DATA FOR THE TASK:
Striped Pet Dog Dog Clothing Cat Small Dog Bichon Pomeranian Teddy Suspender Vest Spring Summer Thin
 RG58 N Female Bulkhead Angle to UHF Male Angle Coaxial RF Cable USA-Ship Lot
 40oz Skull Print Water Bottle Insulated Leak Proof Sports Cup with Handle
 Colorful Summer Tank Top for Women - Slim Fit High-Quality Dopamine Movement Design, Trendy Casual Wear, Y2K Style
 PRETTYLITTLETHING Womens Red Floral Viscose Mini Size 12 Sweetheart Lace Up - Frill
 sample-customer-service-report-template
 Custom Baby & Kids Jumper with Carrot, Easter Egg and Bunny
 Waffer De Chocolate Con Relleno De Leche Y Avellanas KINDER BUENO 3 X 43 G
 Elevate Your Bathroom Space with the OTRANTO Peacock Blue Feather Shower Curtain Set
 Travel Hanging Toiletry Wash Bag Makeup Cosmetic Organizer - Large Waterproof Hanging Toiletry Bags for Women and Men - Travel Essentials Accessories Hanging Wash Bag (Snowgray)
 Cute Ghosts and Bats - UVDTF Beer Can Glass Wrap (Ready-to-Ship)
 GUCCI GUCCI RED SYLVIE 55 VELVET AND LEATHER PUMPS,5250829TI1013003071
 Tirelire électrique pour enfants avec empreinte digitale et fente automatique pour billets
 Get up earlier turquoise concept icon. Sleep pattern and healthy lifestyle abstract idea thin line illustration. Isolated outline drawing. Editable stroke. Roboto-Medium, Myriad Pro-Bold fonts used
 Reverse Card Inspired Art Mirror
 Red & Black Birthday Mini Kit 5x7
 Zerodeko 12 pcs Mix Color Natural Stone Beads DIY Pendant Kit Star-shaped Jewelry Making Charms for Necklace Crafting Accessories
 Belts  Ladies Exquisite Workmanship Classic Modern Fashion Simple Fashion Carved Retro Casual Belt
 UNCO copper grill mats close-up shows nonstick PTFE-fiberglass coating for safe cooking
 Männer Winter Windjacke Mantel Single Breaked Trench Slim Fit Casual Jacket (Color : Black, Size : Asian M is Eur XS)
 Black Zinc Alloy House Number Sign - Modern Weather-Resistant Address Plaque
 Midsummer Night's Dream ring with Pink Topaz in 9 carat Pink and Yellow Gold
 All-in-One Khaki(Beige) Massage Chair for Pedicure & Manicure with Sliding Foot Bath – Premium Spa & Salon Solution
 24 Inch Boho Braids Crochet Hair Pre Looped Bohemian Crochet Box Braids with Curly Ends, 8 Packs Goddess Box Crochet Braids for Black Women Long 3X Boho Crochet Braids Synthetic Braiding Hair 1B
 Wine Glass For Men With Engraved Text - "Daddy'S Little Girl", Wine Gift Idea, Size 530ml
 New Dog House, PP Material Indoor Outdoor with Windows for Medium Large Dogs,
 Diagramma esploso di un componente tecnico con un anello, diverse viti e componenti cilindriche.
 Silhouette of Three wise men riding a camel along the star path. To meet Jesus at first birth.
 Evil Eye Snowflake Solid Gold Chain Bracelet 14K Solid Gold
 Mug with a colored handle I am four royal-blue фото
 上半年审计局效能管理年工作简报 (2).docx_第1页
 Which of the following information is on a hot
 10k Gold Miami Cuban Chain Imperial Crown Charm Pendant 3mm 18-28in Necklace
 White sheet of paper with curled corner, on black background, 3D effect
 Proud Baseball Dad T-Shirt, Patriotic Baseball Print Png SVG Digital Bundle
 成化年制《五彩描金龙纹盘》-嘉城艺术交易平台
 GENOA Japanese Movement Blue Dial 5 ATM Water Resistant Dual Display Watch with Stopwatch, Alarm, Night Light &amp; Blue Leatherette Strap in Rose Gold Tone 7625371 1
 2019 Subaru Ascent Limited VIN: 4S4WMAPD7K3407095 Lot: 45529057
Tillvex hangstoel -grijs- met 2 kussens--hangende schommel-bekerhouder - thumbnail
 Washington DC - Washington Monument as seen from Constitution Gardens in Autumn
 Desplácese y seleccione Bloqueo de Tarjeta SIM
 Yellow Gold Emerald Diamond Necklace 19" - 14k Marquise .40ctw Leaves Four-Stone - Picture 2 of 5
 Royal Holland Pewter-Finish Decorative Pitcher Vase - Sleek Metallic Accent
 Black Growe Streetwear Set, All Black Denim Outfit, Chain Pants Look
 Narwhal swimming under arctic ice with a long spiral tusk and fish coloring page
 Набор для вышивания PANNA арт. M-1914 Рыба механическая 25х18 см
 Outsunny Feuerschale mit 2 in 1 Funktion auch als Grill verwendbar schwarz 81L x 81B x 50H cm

BRIEF: Please print the records above exactly, leaving nothing out.

ANSWER TO THIS EXERCISE:
Striped Pet Dog Dog Clothing Cat Small Dog Bichon Pomeranian Teddy Suspender Vest Spring Summer Thin
 RG58 N Female Bulkhead Angle to UHF Male Angle Coaxial RF Cable USA-Ship Lot
 40oz Skull Print Water Bottle Insulated Leak Proof Sports Cup with Handle
 Colorful Summer Tank Top for Women - Slim Fit High-Quality Dopamine Movement Design, Trendy Casual Wear, Y2K Style
 PRETTYLITTLETHING Womens Red Floral Viscose Mini Size 12 Sweetheart Lace Up - Frill
 sample-customer-service-report-template
 Custom Baby & Kids Jumper with Carrot, Easter Egg and Bunny
 Waffer De Chocolate Con Relleno De Leche Y Avellanas KINDER BUENO 3 X 43 G
 Elevate Your Bathroom Space with the OTRANTO Peacock Blue Feather Shower Curtain Set
 Travel Hanging Toiletry Wash Bag Makeup Cosmetic Organizer - Large Waterproof Hanging Toiletry Bags for Women and Men - Travel Essentials Accessories Hanging Wash Bag (Snowgray)
 Cute Ghosts and Bats - UVDTF Beer Can Glass Wrap (Ready-to-Ship)
 GUCCI GUCCI RED SYLVIE 55 VELVET AND LEATHER PUMPS,5250829TI1013003071
 Tirelire électrique pour enfants avec empreinte digitale et fente automatique pour billets
 Get up earlier turquoise concept icon. Sleep pattern and healthy lifestyle abstract idea thin line illustration. Isolated outline drawing. Editable stroke. Roboto-Medium, Myriad Pro-Bold fonts used
 Reverse Card Inspired Art Mirror
 Red & Black Birthday Mini Kit 5x7
 Zerodeko 12 pcs Mix Color Natural Stone Beads DIY Pendant Kit Star-shaped Jewelry Making Charms for Necklace Crafting Accessories
 Belts  Ladies Exquisite Workmanship Classic Modern Fashion Simple Fashion Carved Retro Casual Belt
 UNCO copper grill mats close-up shows nonstick PTFE-fiberglass coating for safe cooking
 Männer Winter Windjacke Mantel Single Breaked Trench Slim Fit Casual Jacket (Color : Black, Size : Asian M is Eur XS)
 Black Zinc Alloy House Number Sign - Modern Weather-Resistant Address Plaque
 Midsummer Night's Dream ring with Pink Topaz in 9 carat Pink and Yellow Gold
 All-in-One Khaki(Beige) Massage Chair for Pedicure & Manicure with Sliding Foot Bath – Premium Spa & Salon Solution
 24 Inch Boho Braids Crochet Hair Pre Looped Bohemian Crochet Box Braids with Curly Ends, 8 Packs Goddess Box Crochet Braids for Black Women Long 3X Boho Crochet Braids Synthetic Braiding Hair 1B
 Wine Glass For Men With Engraved Text - "Daddy'S Little Girl", Wine Gift Idea, Size 530ml
 New Dog House, PP Material Indoor Outdoor with Windows for Medium Large Dogs,
 Diagramma esploso di un componente tecnico con un anello, diverse viti e componenti cilindriche.
 Silhouette of Three wise men riding a camel along the star path. To meet Jesus at first birth.
 Evil Eye Snowflake Solid Gold Chain Bracelet 14K Solid Gold
 Mug with a colored handle I am four royal-blue фото
 上半年审计局效能管理年工作简报 (2).docx_第1页
 Which of the following information is on a hot
 10k Gold Miami Cuban Chain Imperial Crown Charm Pendant 3mm 18-28in Necklace
 White sheet of paper with curled corner, on black background, 3D effect
 Proud Baseball Dad T-Shirt, Patriotic Baseball Print Png SVG Digital Bundle
 成化年制《五彩描金龙纹盘》-嘉城艺术交易平台
 GENOA Japanese Movement Blue Dial 5 ATM Water Resistant Dual Display Watch with Stopwatch, Alarm, Night Light &amp; Blue Leatherette Strap in Rose Gold Tone 7625371 1
 2019 Subaru Ascent Limited VIN: 4S4WMAPD7K3407095 Lot: 45529057
Tillvex hangstoel -grijs- met 2 kussens--hangende schommel-bekerhouder - thumbnail
 Washington DC - Washington Monument as seen from Constitution Gardens in Autumn
 Desplácese y seleccione Bloqueo de Tarjeta SIM
 Yellow Gold Emerald Diamond Necklace 19" - 14k Marquise .40ctw Leaves Four-Stone - Picture 2 of 5
 Royal Holland Pewter-Finish Decorative Pitcher Vase - Sleek Metallic Accent
 Black Growe Streetwear Set, All Black Denim Outfit, Chain Pants Look
 Narwhal swimming under arctic ice with a long spiral tusk and fish coloring page
 Набор для вышивания PANNA арт. M-1914 Рыба механическая 25х18 см
 Outsunny Feuerschale mit 2 in 1 Funktion auch als Grill verwendbar schwarz 81L x 81B x 50H cm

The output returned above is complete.